Pentagon Suspends CMMC Phase 2 Third-Party Assessment Requirement
The U.S. Department of Defense suspended the mandatory third-party assessment requirement for CMMC Phase 2 on July 13, citing an insufficient assessor ecosystem and cost burdens forcing small defense contractors out of the industrial base. Over 100,000 defense industry businesses required certification, with fewer than 100 assessors available to conduct them. A 60-day CMMC Reform Task Force review has been launched, with recommendations due by mid-September. Self-assessment requirements under Phase 1 remain in force.
SecurityWeek

Fortinet FortiClient EMS CVE-2026-35616 Zero-Day Remains Without Full Patch
Fortinet has issued an emergency hotfix for CVE-2026-35616, a CVSS 9.8 improper access control zero-day in FortiClient EMS that allows unauthenticated attackers to bypass authentication and achieve code execution on the server. Active exploitation was observed by watchTowr on March 31, and CISA added the flaw to its KEV catalog on July 14. A full patch in FortiClient EMS 7.4.7 is still pending.

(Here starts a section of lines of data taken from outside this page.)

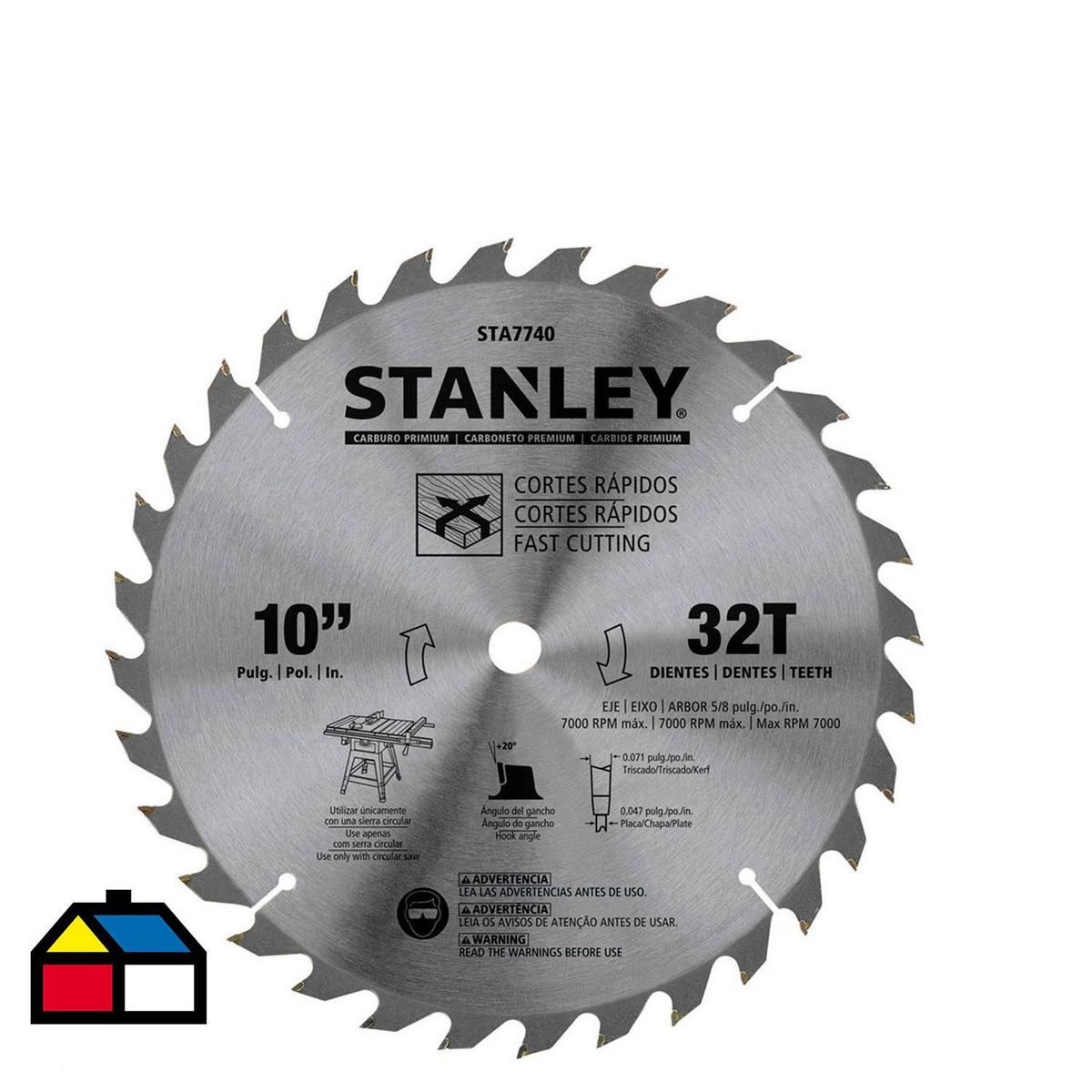 STANLEY - Disco de sierra 10"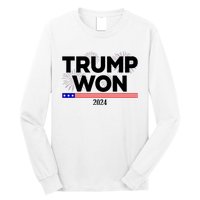 Trump Won 2024 Election 47th President Long Sleeve Shirt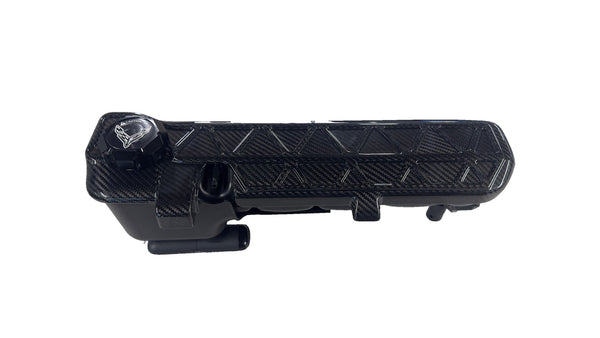 C8 Corvette HTC Coolant Tank Cover - Carbon Fiber pre-order September 2026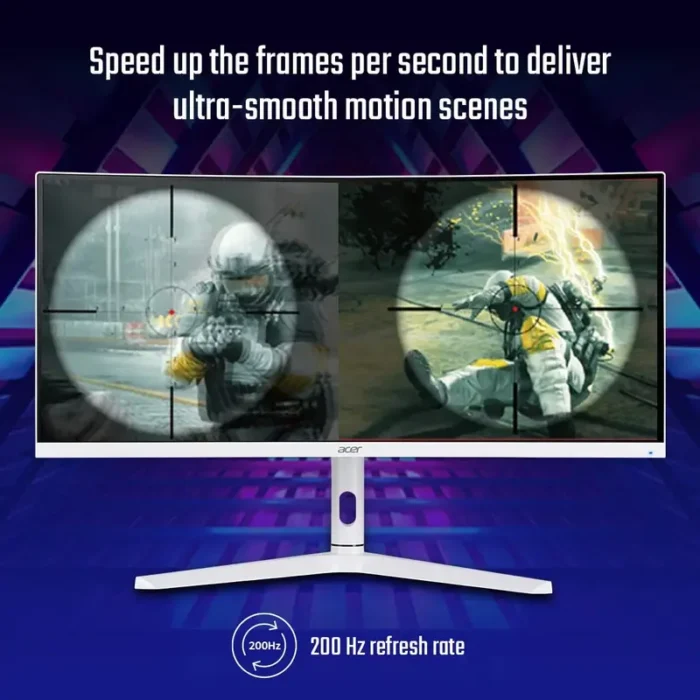 Acer XZ306CX 29.5 Inch WFHD 2560X1080 LED Backlit VA Panel 200 Hz Curved Gaming Monitor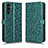 Coque Portefeuille Livre Cuir Etui Clapet C01X pour Samsung Galaxy A14 4G Vert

Affected versions are 7.4.5 and 7.4.6; the 7.2 branch is not affected.
CyberScoop

WhisperLeak: LLM Side-Channel Attack Infers User Prompt Topics From Timing
Researchers disclosed WhisperLeak, a side-channel attack against large language models that infers the topics of user prompts by analyzing token generation timing patterns. The technique exploits non-uniform latency in LLM autoregressive generation without requiring access to model weights or API responses. Researchers demonstrated the attack against multiple commercial LLM APIs, raising concerns for enterprises routing sensitive queries through external AI services.